自分が交際を申し込んだら、まどかはきっと受け入れてくれると信じていたのだ。
やがてまどかは大学の看護学部に合格した。
これで交際を申し込めるかと思ったが、お互いに忙しいしキャンパスも違うからなかなか会えない。
以前ほど大石家に行く時間もとれなくなったので、悠真は告白するタイミングをすっかり逃してしまった。
ところが、思いがけないチャンスがやってきた。
悠真が循環器内科医として働いている大学病院に、看護師になったまどかが勤めることになったのだ。

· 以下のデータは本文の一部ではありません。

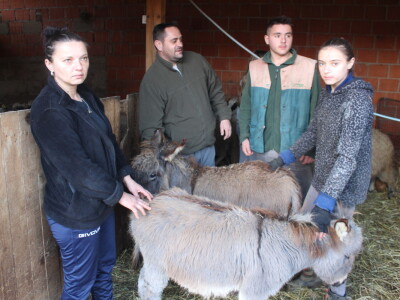 OPG Cvjetković OPG Cvjetković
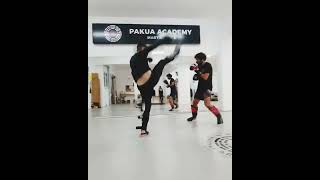 Sanda/KickBoxing/K1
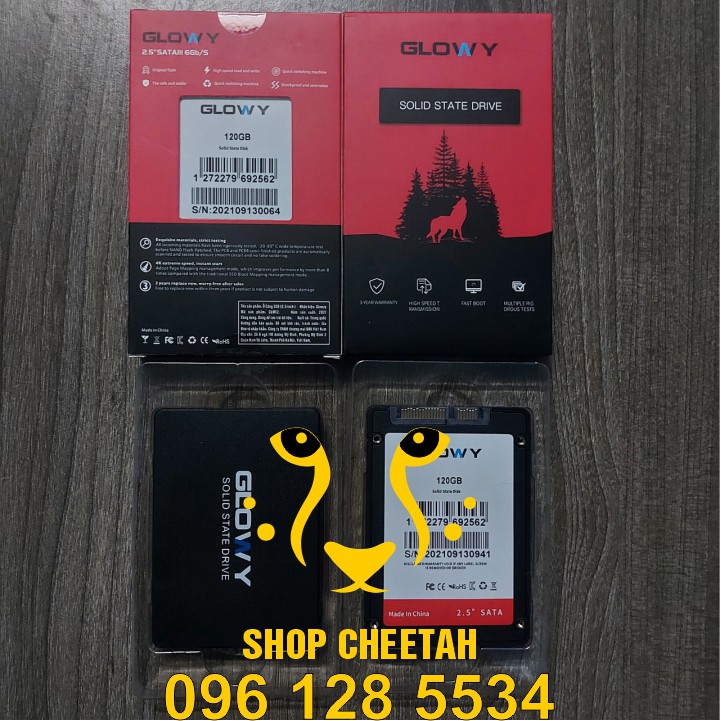 Ổ cứng SSD Gloway (SATA III) các model M2 / mSATA / 2.5” – CHÍNH HÃNG – Bảo hành 3 năm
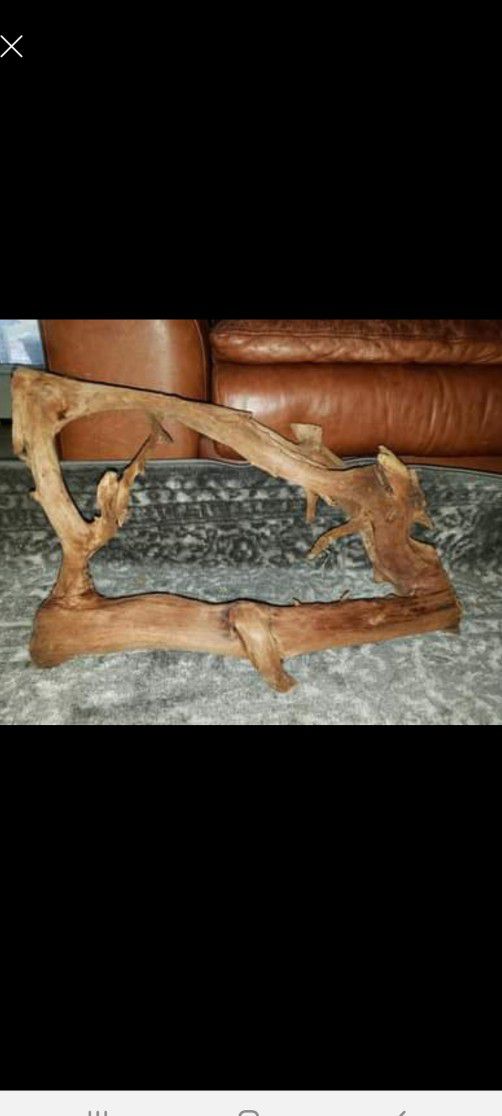 Reptile Driftwood 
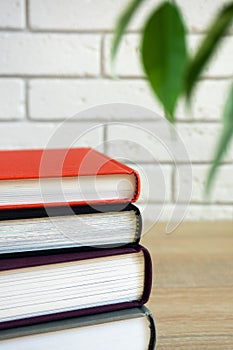 Stack of books with colored covers near green ficus on a blurred background of white brick wall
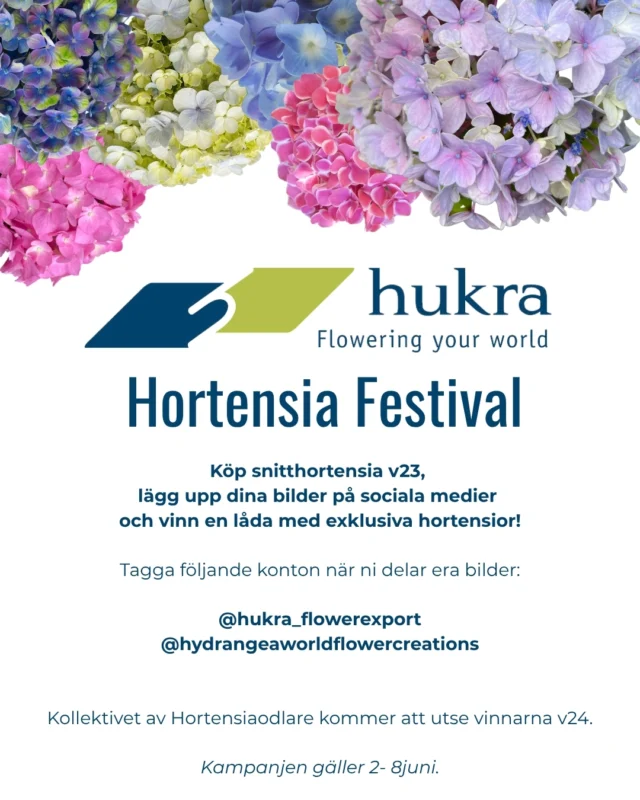 Hukra and @hydrangeaworldflowercreations present:

H O R T E N S I A  F E S T I V A L ! 

Köp snitthortensia v23, lägg upp dina bilder på sociala medier och vinn en låda med exklusiva hortensior!
 
Kollektivet av Hortensiaodlare kommer att utse vinnarna v24.

Kampanjen gäller 2- 8 juni.

#floweringyourworld #hukraflowerexport #blomstergrossist #flowers #flowerexport #exclusiveflowers #florist #blomster #hydrangea #hortensia
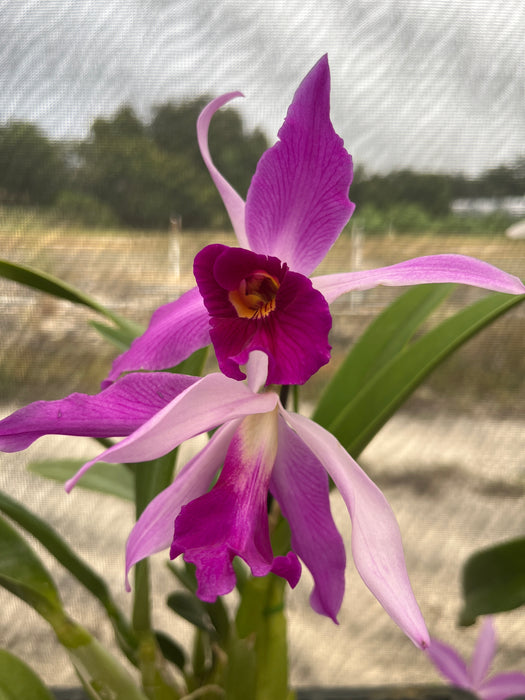 Laeliocattleya Edissa
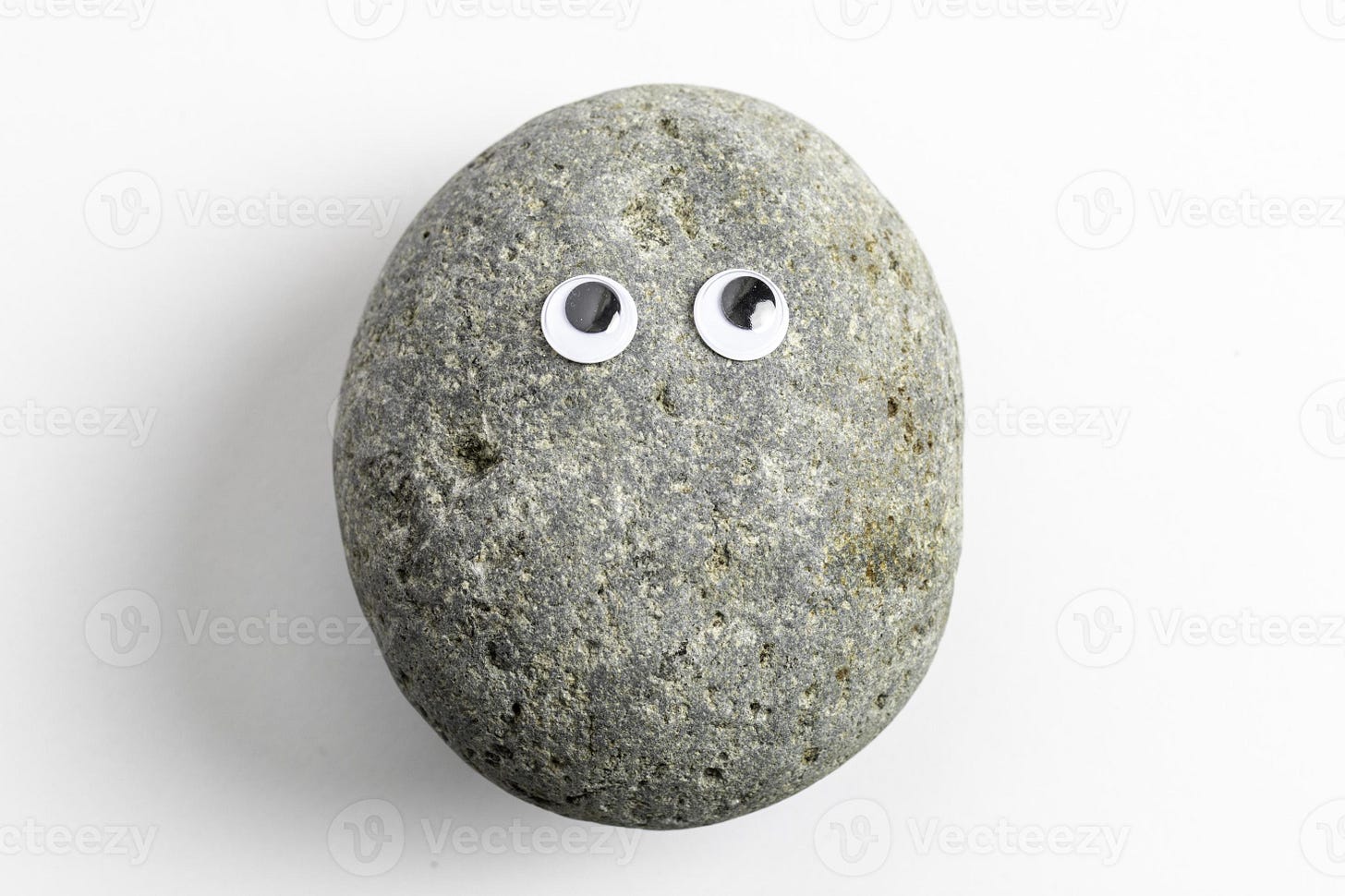 Pet Rock With Googly Eyes 10232404 Stock Photo at Vecteezy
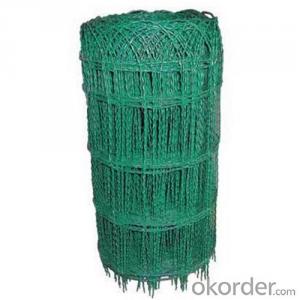 Border Fence/PVC Coated Wire wigh High Quality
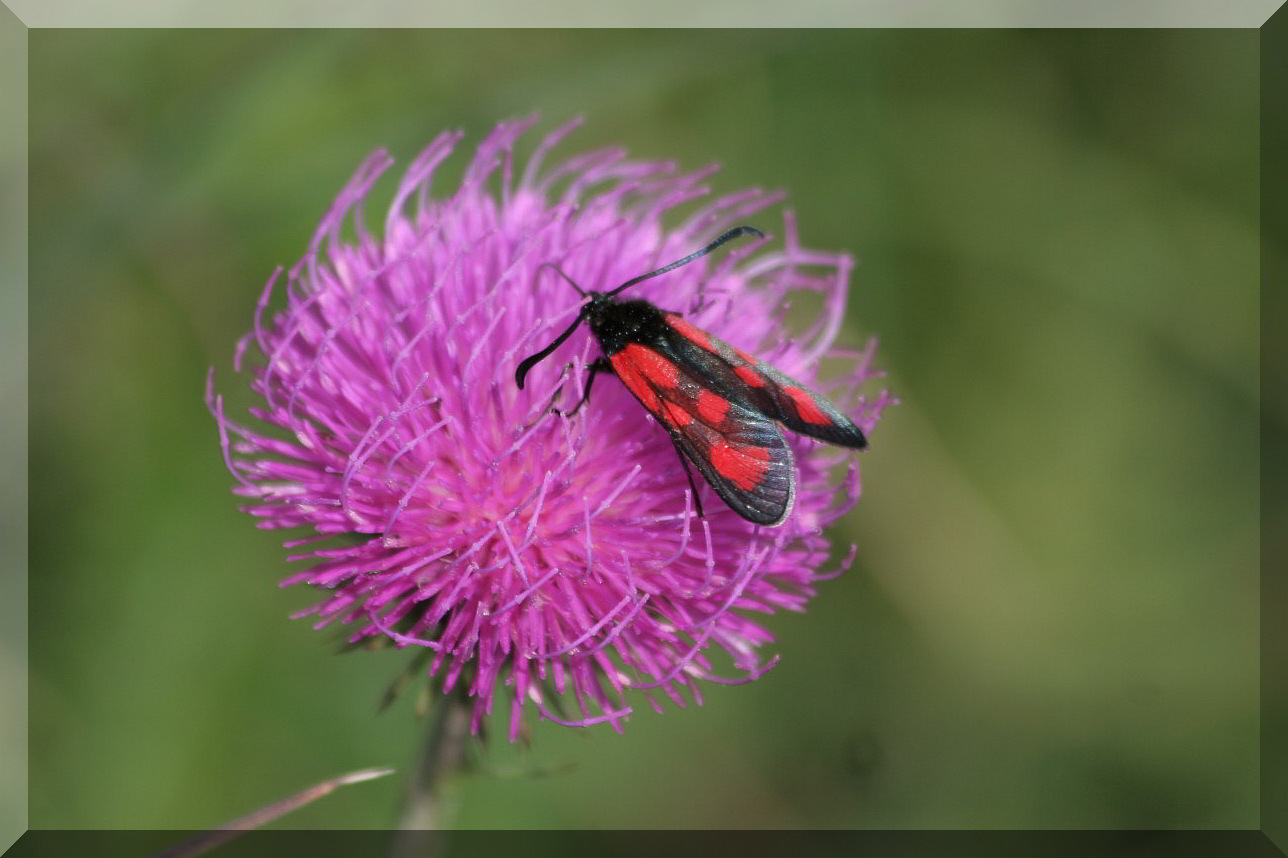 Zygaena loti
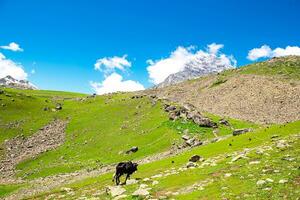 Landscape in the Himalayas Panoramic view from the top of Sonmarg, Nepal's Kashmir valley in the Himalayan region. Grasslands, wildflowers and mountain snow. hiking concept Nature camping, India photo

院内でまどかを見かけると、ナース服がよく似合ってキビキビと働いている。
高校生の頃からの夢だった仕事についたのだから、その明るい表情からも一生懸命なのが伝わってきた。
成績優秀と聞いていたので救急科に配属されたのも納得できたし、連日のハードさにも負けずに頑張っている姿は美しいとさえ思えた。
まどかからの視線を感じることもあったが、仕事以外では悠真から声をかけたりはしなかった。
まだ就職したばかりだから、交際を申し込むのは早い気がしたのだ。
まどかが仕事に慣れたころに誘おうと決めていたのに、琉輝からとんでもない話を聞かされた。